I went looking for my makeup-removing towelettes this morning. Couldn't find them. Why? Because I have teenagers. This got me thinking about how things have definitely changed since my babies turned into teens. For instance, I remember when I used to be able to go into my makeup bag, locate my eyeliner, put on that eyeliner and then put it back in my makeup bag. Now I can't find my makeup bag. Because, teens.
And when I look in that 10x magnifying mirror at all the dark hair crawling around over my eyes like a caterpillar moving across my forehead, I mourn the loss of my tweezers, which have disappeared into the abyss that is the girls bathroom in my house. Those girls, however, have PERFECTLY plucked eyebrows. Thanks to my tweezers. Wherever they are.
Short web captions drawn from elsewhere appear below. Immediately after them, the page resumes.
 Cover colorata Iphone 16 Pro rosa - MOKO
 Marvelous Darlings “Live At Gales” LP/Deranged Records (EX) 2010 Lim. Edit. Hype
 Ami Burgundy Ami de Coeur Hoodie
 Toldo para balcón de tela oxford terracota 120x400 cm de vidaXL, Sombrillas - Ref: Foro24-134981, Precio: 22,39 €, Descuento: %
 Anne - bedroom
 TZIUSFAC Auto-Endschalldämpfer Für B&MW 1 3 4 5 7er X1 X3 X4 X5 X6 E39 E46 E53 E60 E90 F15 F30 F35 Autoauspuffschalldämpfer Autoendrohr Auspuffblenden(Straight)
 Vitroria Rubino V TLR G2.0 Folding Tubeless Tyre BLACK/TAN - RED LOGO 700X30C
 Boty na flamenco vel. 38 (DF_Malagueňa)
Their nails are perfectly clipped, thanks to my nail clippers. Which I haven't seen in weeks. MY toenails are practically clawing at the ground when I walk because they've gotten so long. But in order to clip them, someone would have to locate my nail clippers. Naturally, NO ONE knows where they are because apparently, I'M the only one in the house that uses them. Their nails are perfectly clipped, but I'M the only one who uses the nail clippers. Whatever.
Scissors? Tape? I buy them new every Christmas. Why? Teens.
I don't bother painting my nails anymore, because why bother? My nail polish remover and cotton balls have mysteriously vanished into thin air. Naturally, no one has seen them. My husband takes pleasure in helping me out by telling me that he never uses the stuff. Thanks honey, you're a huge help.
I've taken to hiding things that I just refuse to part with. My deodorant is now in my sock drawer. Shampoo and conditioner? I hide those in my closet under my shoe rack and take them in when I shower each day. Razor? Underwear drawer. Shaving cream? The garage, where else??
One good thing about being shorter and heavier than my girls: they don't steal my pants. Oh sure, back a few years ago when 17-year-old was a freshman and I was 30 lbs. lighter, I attended her band concert and asked my husband what pants she had on (I could see her white socks like she was Michael Jackson without the glove) and he told me they were mine. She was wearing my size 6 pants. Sure, she was too tall for them (hence the white socks showing), but they fit her. See? Maybe there IS an upside to being short and heavy. That's my new story and I'm sticking with it. So pass me another doughnut.
Yep, I remember back when I could find things, like money in my wallet, food in my pantry, quiet in my house and the ever-important thing to find: my sanity. But alas, those days are gone. They've been replaced by teenagers.